To run edgembar, change directory to the analysis directory and run edgembar --no-auto ./xml/mm~qmmm.xml. The output will be written to ./xml/mm~qmmm.py. (The output is a python script.) One can view the output as an HTML file by running python3 ./xml/mm~qmmm.py, which will produce ./xml/mm~qmmm.html. One can view the free energy report here.
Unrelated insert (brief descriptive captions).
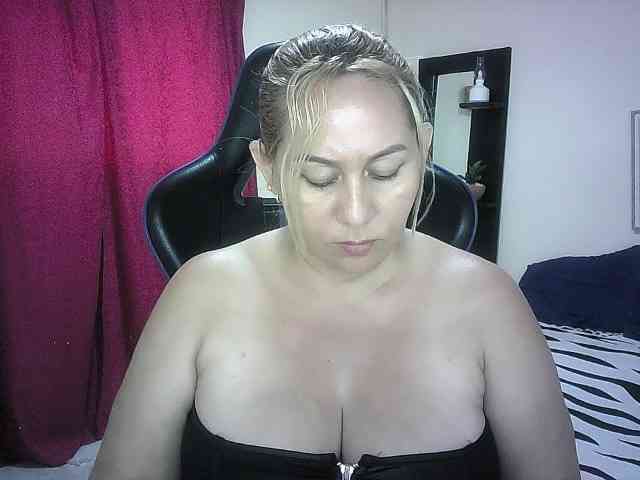 Mariana0x webcam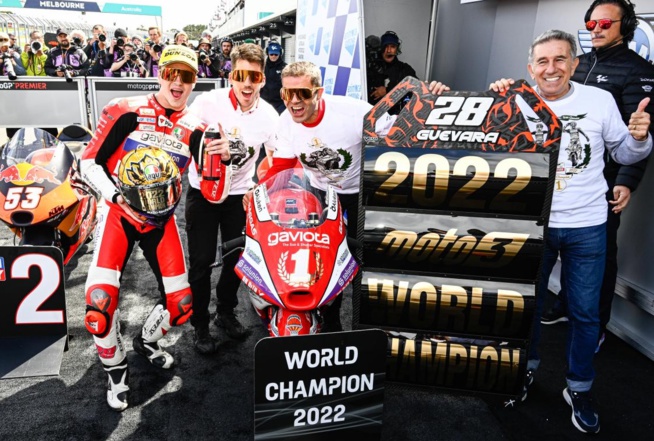 Guevara s’impose et remporte le titre © www.motogp.com Guevara s’impose et remporte le titre © www.motogp.com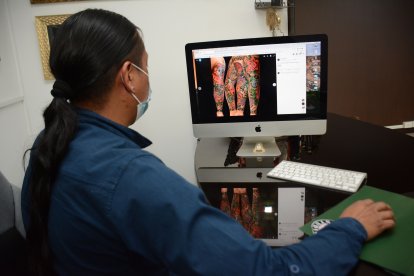 Vinicio Tipán dice que lo que más hace es reconstruir  tatuajes mal hechos.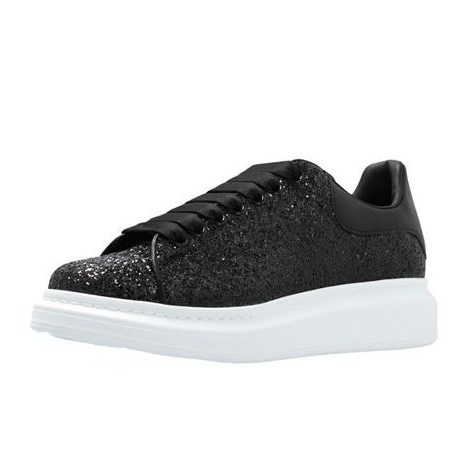 OVERSIZED BLACK GLITTER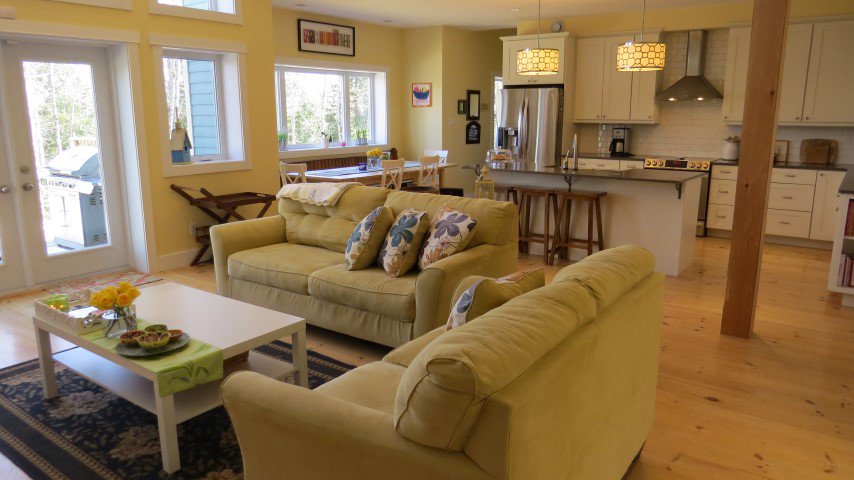 HomeKeyRentals's tweet image. #ForRent: Lakefront Mount Uniacke 3Br 2.5 Bath Avail Aug 1 Pets Ok #boating #swimming homekeyrentals.com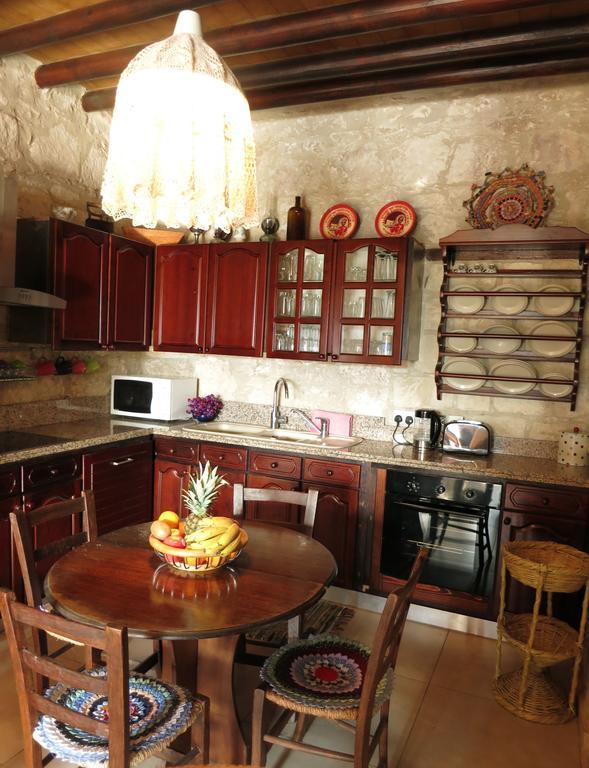 Holiday home Simona Stone House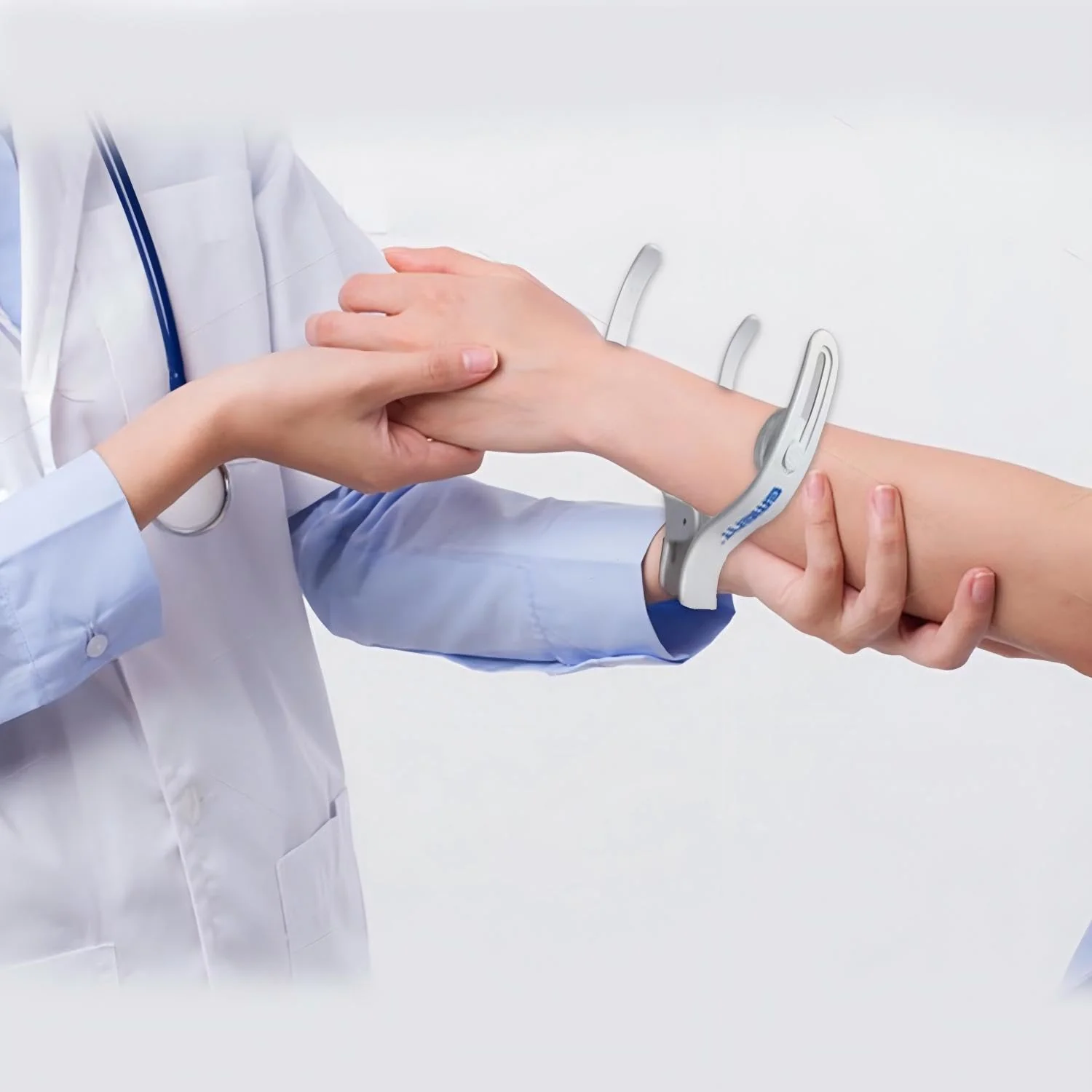 Hemostatic Clamp, Plaster & Gauze Bandage Wound Care, Prevent Bruising by Compression After Intravenous Infusion and Blood Collection - Image 8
The reported free energy difference, ΔΔG -- technically, the calculated free energies are Helmholtz free energies because we performed the bookend simulations at constant volume, but edgembar doesn't know that -- is the bookend free energy that one would use to correct the MM-calculated solvation free energy. A guide for understanding the free energy report is provided by the edgembar online documentation.